The hit 3D animated movie Avatar is just out in theaters, but already the same technology behind the movie is being used to help improve car design by studying how people move when they interact with their cars.
While the basic technology has been around for years now, constant improvements in analyzing and virtualizing the motion capture data help to improve the accuracy of the model and therefore the end result--whether that's a movie like Avatar or a more intuitive and convenient car interior. Ford Motor Company [NYSE:F] says it's the only carmaker to use the technology for these purposes.
For Ford, the process starts with up to 50 motion capture sensors place on a test subject, which is then recorded performing a series of movements. The data then goes to the Human Occupant Package Simulator (HOPS) computers, where thousands of differently-sized "virtual humans" are created to study the whole range of human interaction with the car.
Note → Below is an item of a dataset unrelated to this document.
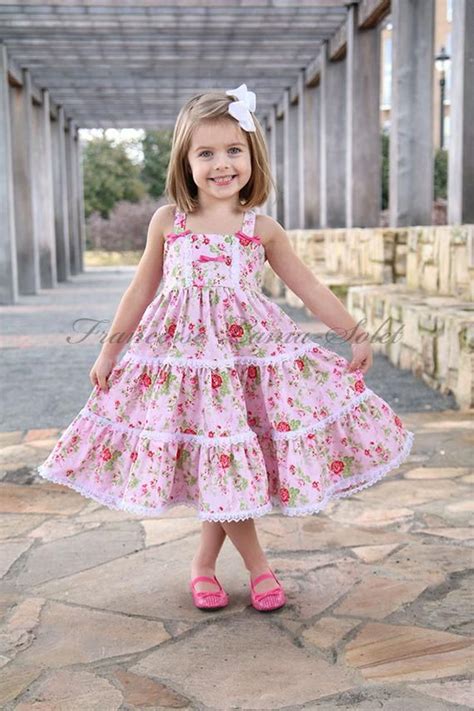 Shabby Pink Dress Tea Party Dress Birthday Twirl Dress Flower Girl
For movies like Avatar, the motion capture is used to make computer animated characters move in a lifelike and realistic way, even if they are of different proportions or sizes to the actor used to generate the motion. In that way, there's a lot of similarity between the two.
There are also differences, however, in that while the end product of the motion capture data in Avatar is a freakishly realistic and immersive alternate reality, the end product of Ford's development and testing is a very tangible set of human-car interface points.
“Before HOPS, the only way to evaluate a given design was to have people get into a vehicle and tell us how they liked it,” said Nanxin Wang, Ford's technical leader on the project. “This took lots of time and guesswork. Now we can couple this subjective appraisal with objective measurements of their arms, legs and head movements, along with muscular efforts to quantify movement mathematically. Our design teams use the data as a guide for developing a variety of vehicle platforms that provide optimal comfort, regardless of a person’s size or shape.”
The Avatar movie has been taking the country's imagination by the sheer force of its technical sophistication since it hit theaters last Friday, but we'll have to wait a while before we can see the benefits of Ford's latest upgrade in interior design technology in cars.